Work instruction:
Please print the full listing below exactly, but not the pictures in it.

======

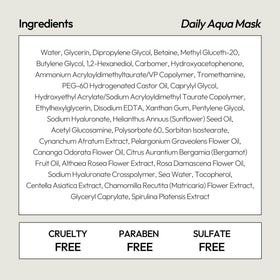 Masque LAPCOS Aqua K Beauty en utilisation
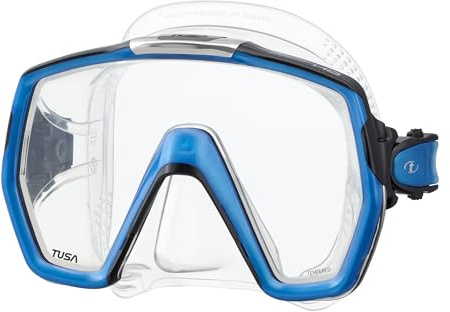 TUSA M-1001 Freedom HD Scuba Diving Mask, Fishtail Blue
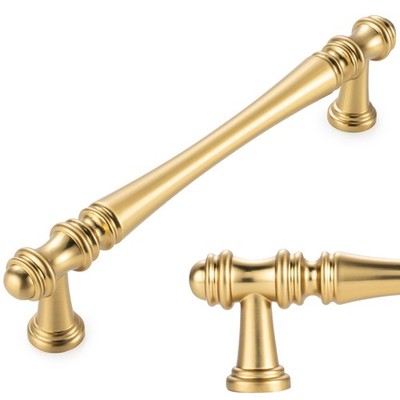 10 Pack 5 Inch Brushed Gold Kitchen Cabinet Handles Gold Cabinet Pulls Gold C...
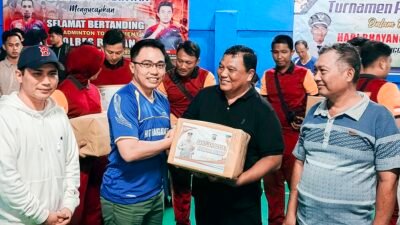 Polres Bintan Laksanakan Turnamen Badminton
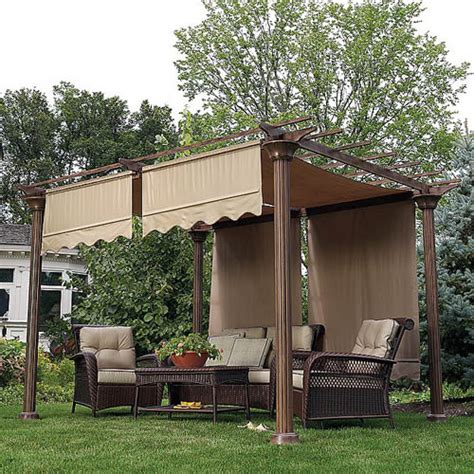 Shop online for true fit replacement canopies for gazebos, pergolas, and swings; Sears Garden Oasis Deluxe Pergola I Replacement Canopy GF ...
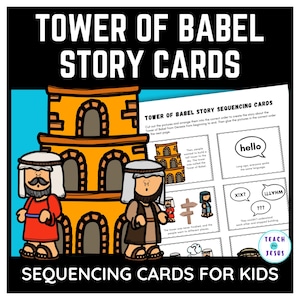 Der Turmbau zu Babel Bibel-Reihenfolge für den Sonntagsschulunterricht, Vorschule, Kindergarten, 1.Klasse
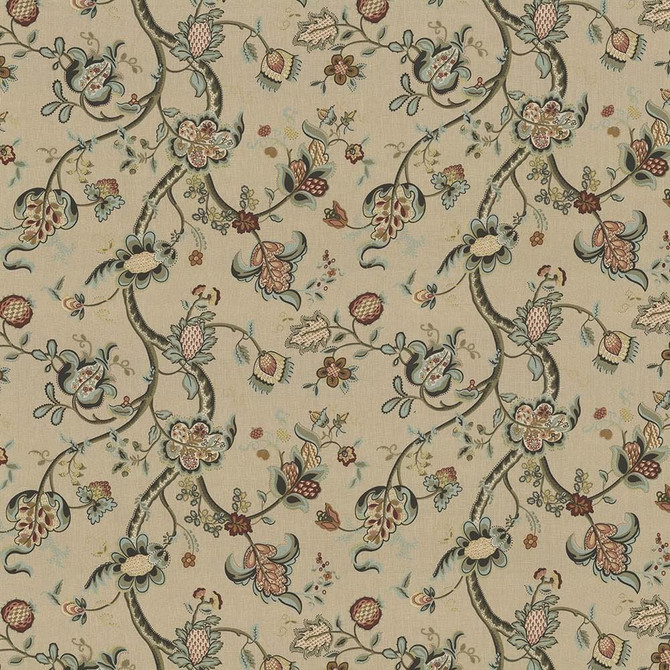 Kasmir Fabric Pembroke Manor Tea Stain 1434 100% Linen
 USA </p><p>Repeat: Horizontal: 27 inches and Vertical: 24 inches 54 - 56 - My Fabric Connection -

======

Solution for this exercise:
 Masque LAPCOS Aqua K Beauty en utilisation
 TUSA M-1001 Freedom HD Scuba Diving Mask, Fishtail Blue
 10 Pack 5 Inch Brushed Gold Kitchen Cabinet Handles Gold Cabinet Pulls Gold C...
 Polres Bintan Laksanakan Turnamen Badminton
 Shop online for true fit replacement canopies for gazebos, pergolas, and swings; Sears Garden Oasis Deluxe Pergola I Replacement Canopy GF ...
 Der Turmbau zu Babel Bibel-Reihenfolge für den Sonntagsschulunterricht, Vorschule, Kindergarten, 1.Klasse
 Kasmir Fabric Pembroke Manor Tea Stain 1434 100% Linen
 USA </p><p>Repeat: Horizontal: 27 inches and Vertical: 24 inches 54 - 56 - My Fabric Connection -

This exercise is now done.